[Web page caption snippets]
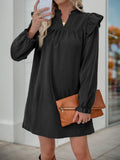 Solid-Color Ruffled Loose Stand-Up Collar Dress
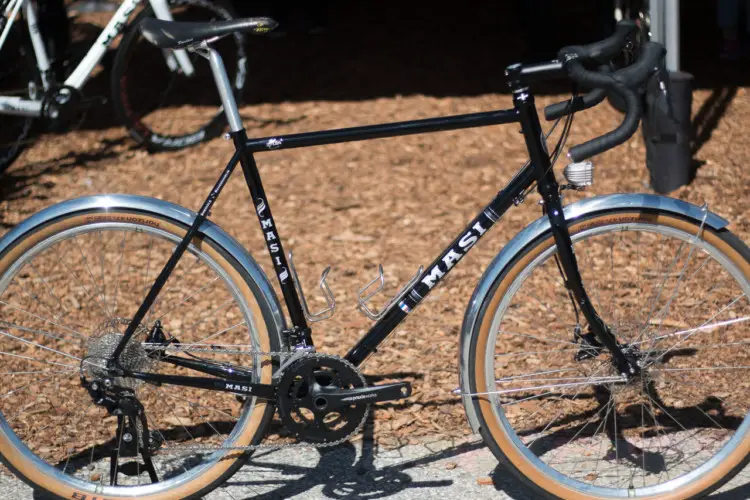 The Masi Bikes Speciale Randonneur 650B offers fenders, a dynamo front light and double butted cromo tubing for 2019. 2018 Sea Otter Classic cyclocross and gravel new products. © Cyclocross Magazine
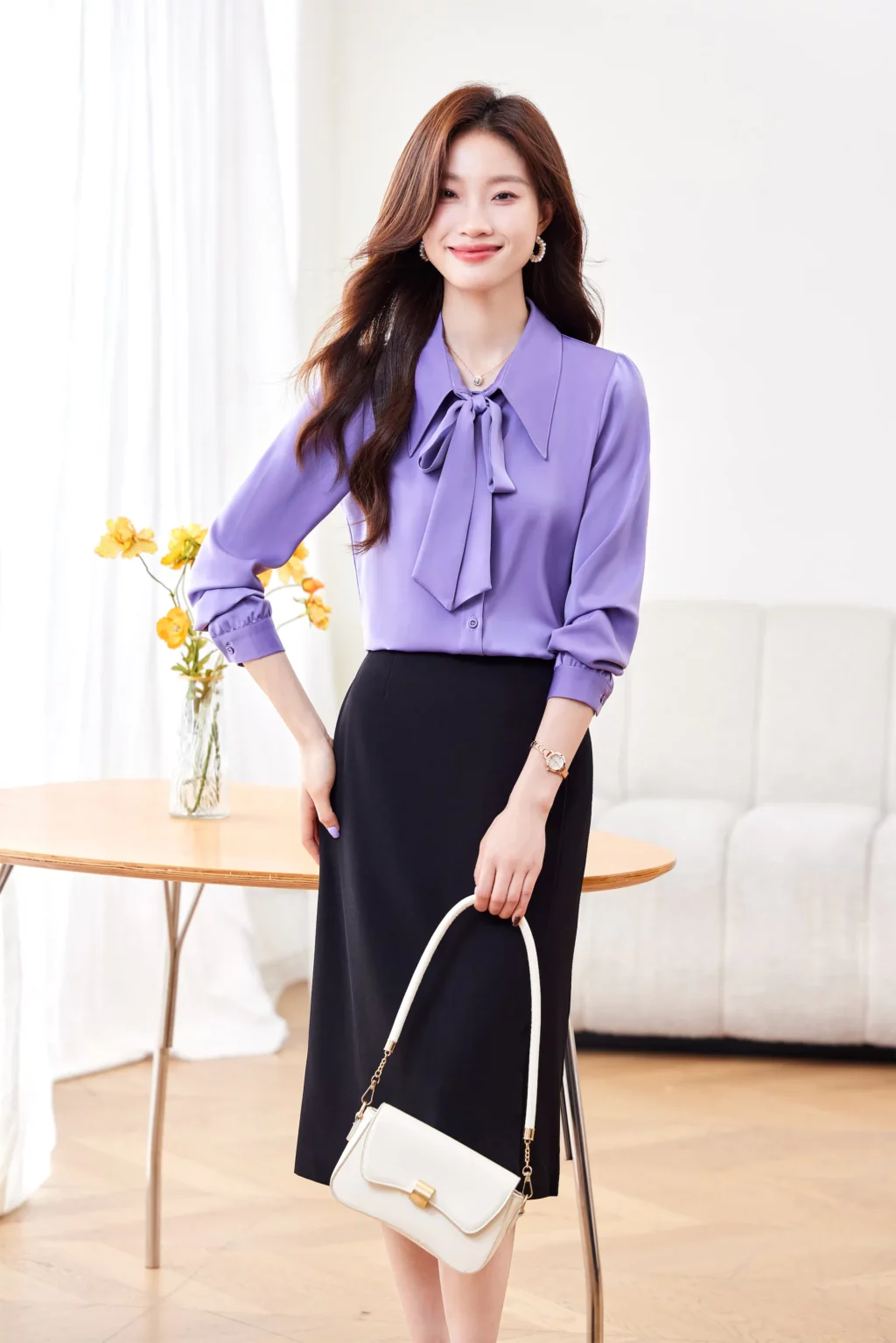 PN4019-5 เสื้อเชิ้ตทำงานผู้หญิงสีม่วงคอปกแต่งโบว์แขนยาว
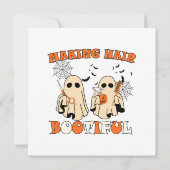 Making Hair Grappig Ghost Kapper Halloween Bedankkaart (Achterkant)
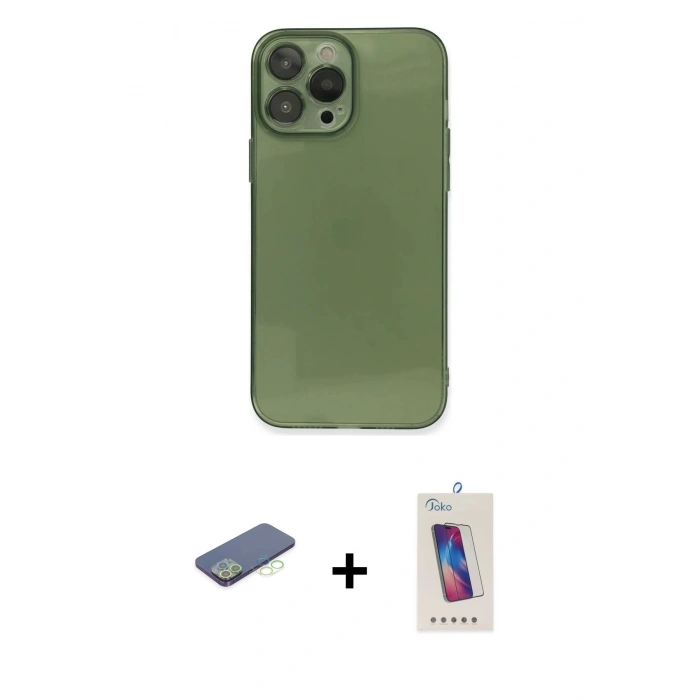 MARSİLYAN™- iPhone 13 Pro Max Kılıf Ahenk Doku - Siyah Joko 5D Cam + Renkli Kamera Lens Koruma Cam - YL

> Work to be completed: Beginning with the first line of the records and ending with the line that contains "PN4019-5 เสื้อ", reproduce every line exactly, omitting pictures and adding nothing.

> Expected answer:
 Solid-Color Ruffled Loose Stand-Up Collar Dress
 The Masi Bikes Speciale Randonneur 650B offers fenders, a dynamo front light and double butted cromo tubing for 2019. 2018 Sea Otter Classic cyclocross and gravel new products. © Cyclocross Magazine
 PN4019-5 เสื้อเชิ้ตทำงานผู้หญิงสีม่วงคอปกแต่งโบว์แขนยาว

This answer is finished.